Louise-Rose-Étiennette Gérard, known as Rosemonde Gérard (April 5, 1871, Paris – July 8, 1953, Paris) was a French poet and playwright. She was the wife of Edmond Rostand (1868–1918, author of Cyrano de Bergerac), and was a granddaughter of Étienne Maurice Gérard, who was a Marshal and a Prime Minister of France.

Gérard is perhaps best known today as the author of the lines:



Car, vois-tu, chaque jour je t’aime davantage,

Aujourd’hui plus qu’hier et bien moins que demain.

(For, you see, each day I love you more,

Today more than yesterday and less than tomorrow.)



This couplet is taken from a poem, variously known as "L'éternelle chanson" ("The Eternal Song") or "Les Vieux" ("The Old Ones"), that she wrote to Rostand in 1889. The poem was published in 1890, but did not enjoy immediate success. The phrase became celebrated as an expression of ever-growing love when, in 1907 (17 years after its publication), a Lyons jeweler, Alphonse Augis, had the idea of making a medallion with the core portion of the verse engraved on it. The medallions became quite popular, and led to the production of other, similarly-decorated jewelry items, such as earrings and matchboxes; many older examples include Augis' name. A very common variation on the design presents the line with the words "plus" and "moins" replaced by the mathematical + and − signs, respectively. The mathematical signs are frequently rendered in tiny gemstones, often in contrasting colors.

Among Gérard's other works is the play “A Good Little Devil” (1913), co-written with Maurice Rostand. It was made into a movie of the same name in 1914. Mary Pickford starred in both the play and the movie; she later opined that the movie was one of the worst—if not the worst—she had ever made.

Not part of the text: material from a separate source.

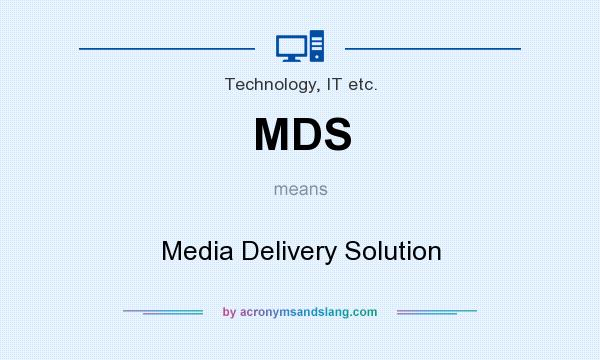 What does MDS mean? It stands for Media Delivery Solution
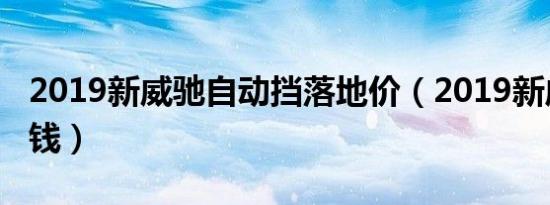 2019新威驰自动挡落地价（2019新威驰多少钱）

Gérard and Rostand were married on April 8, 1890; they had two sons, Maurice (1891–1968) and Jean Rostand (1894–1977). In later years, Gérard and Maurice Rostand frequented an intellectual circle that included Jean-Paul Sartre and Gilbert Martineau.

It has been said that Gérard "doubtless would have been famous had not her husband's star so far eclipsed her own." After 35 years of widowhood, she died in 1953 and is buried at Cimetiere de Passy, in Paris, as is her son Maurice.